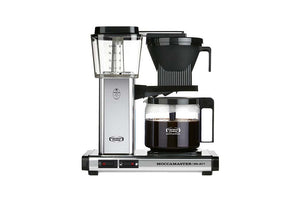 Moccamaster Select 1.25L  grey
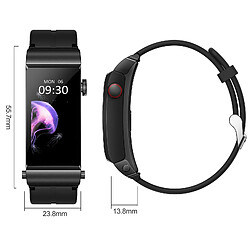 Avis Yonis Montre Connectée Étanche IP68 Bluetooth Santé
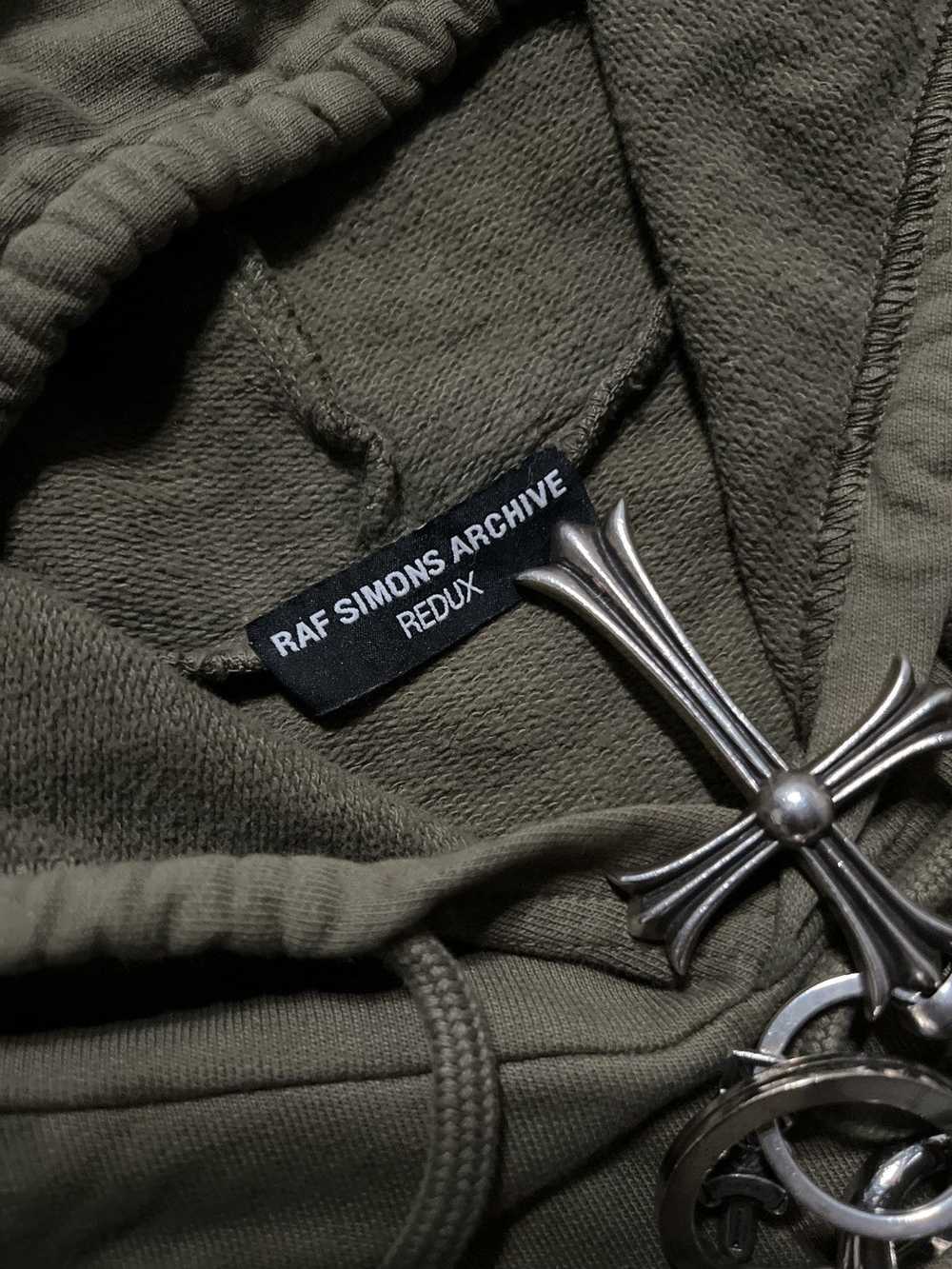 Raf Simons AW01 (Redux) - New York Hoodie - image 4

◆ Work task: Set down all of the data word for word; no pictures belong in it.

◆ Solution to the problem:
 Moccamaster Select 1.25L  grey
 Avis Yonis Montre Connectée Étanche IP68 Bluetooth Santé
 Raf Simons AW01 (Redux) - New York Hoodie - image 4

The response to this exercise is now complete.